▶ [SUPPLIED MATERIAL]
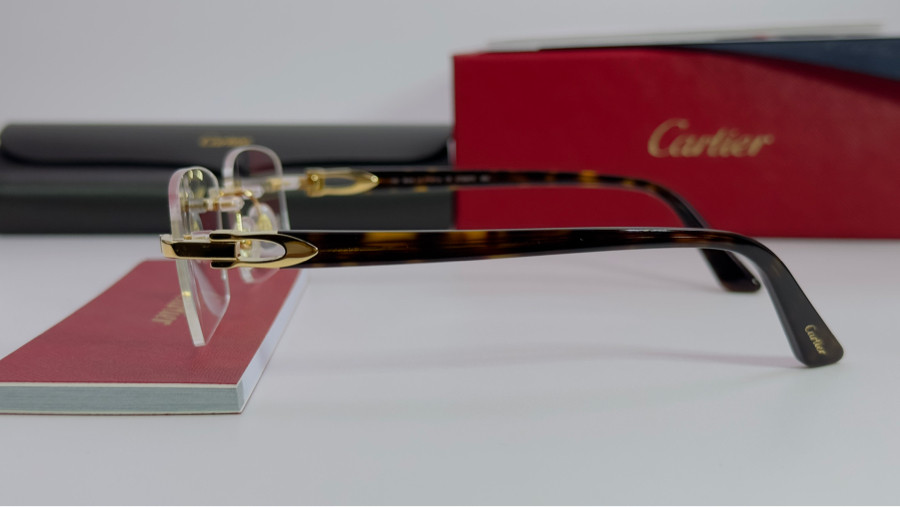 Kính Cartier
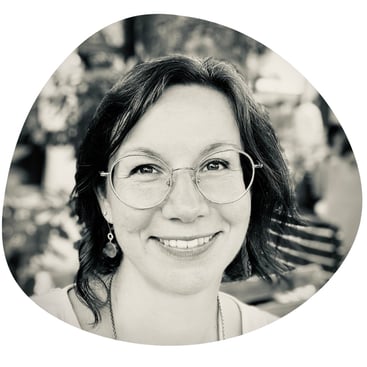 Waltraud Maderegger-Bayer, TCM Ernährungsberatung, Heikräuter, Naturapotheke, Salzburg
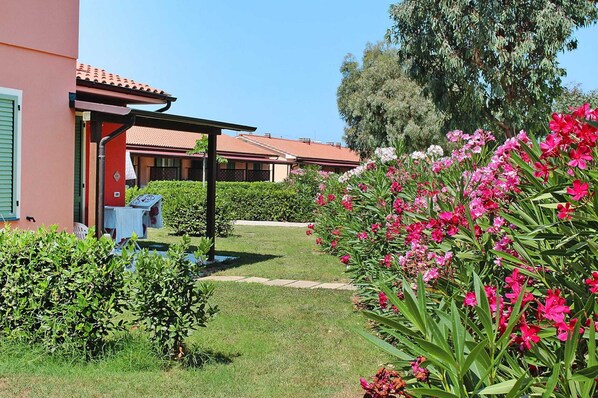 Apartment | Garden - Apartment in Tuscany Near Sandy Beaches (Rosignano Marittimo)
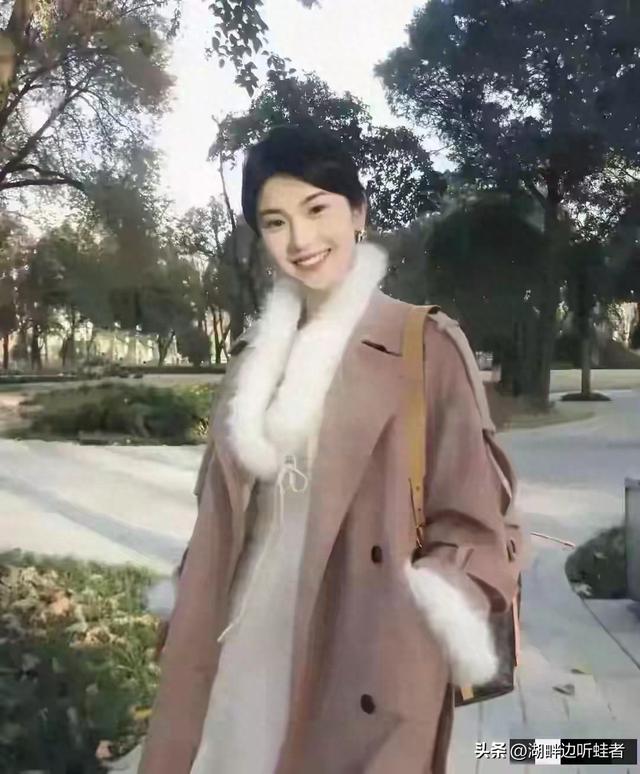 河南郑州一校花 169cm身高 身材拥有黄金比例 散发迷人身材魅力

▶ [TASK PROMPT] Only the lines from the one holding "Apartment | Garden" through the end of the data are to be printed, exactly as they stand and with no pictures.

▶ [ANSWER TO THIS EXERCISE]
 Apartment | Garden - Apartment in Tuscany Near Sandy Beaches (Rosignano Marittimo)
 河南郑州一校花 169cm身高 身材拥有黄金比例 散发迷人身材魅力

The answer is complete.